Every line below is to be set down again exactly; any image stays out.

===== Exercise data =====

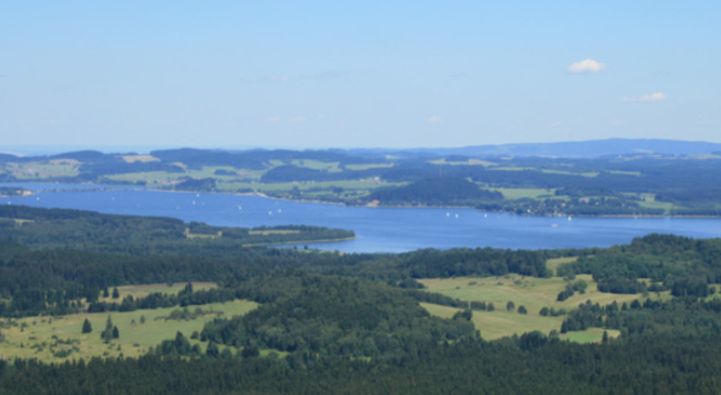 Ein breiter Fluss oder See mit umgebenden grünen Wäldern und Feldern unter einem klaren blauen Himmel, von oben betrachtet.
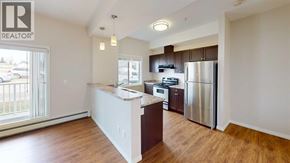 Grande Prairie apartment for rent - A kitchen with a refrigerator, stove, and oven.
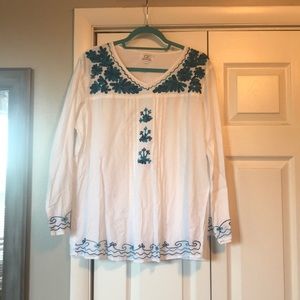 White tunic top with blue embroidery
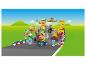 Ensemble LEGO Mario Kart avec personnages et véhicules sur une piste de course.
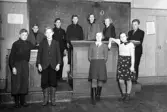 Foto av en mindre skolklass med sin lärare i ett klassrum.
Fortsättningsskola (?).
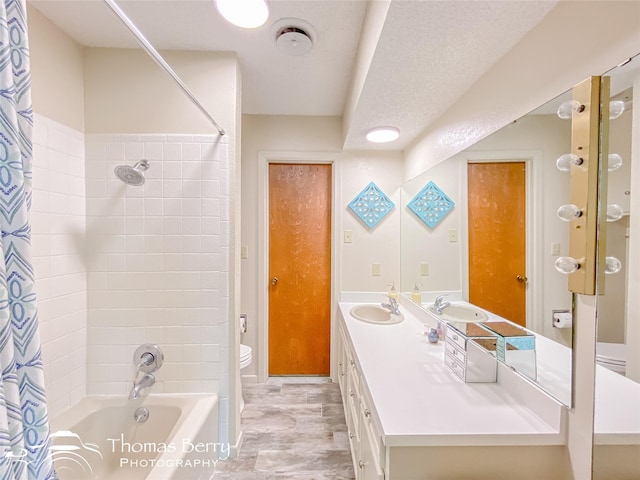 full bathroom with vanity, shower / bath combination with curtain, a textured ceiling, and toilet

=====

_Answer section_:
 Ein breiter Fluss oder See mit umgebenden grünen Wäldern und Feldern unter einem klaren blauen Himmel, von oben betrachtet.
 Grande Prairie apartment for rent - A kitchen with a refrigerator, stove, and oven.
 White tunic top with blue embroidery
 Ensemble LEGO Mario Kart avec personnages et véhicules sur une piste de course.
 Foto av en mindre skolklass med sin lärare i ett klassrum.
Fortsättningsskola (?).
 full bathroom with vanity, shower / bath combination with curtain, a textured ceiling, and toilet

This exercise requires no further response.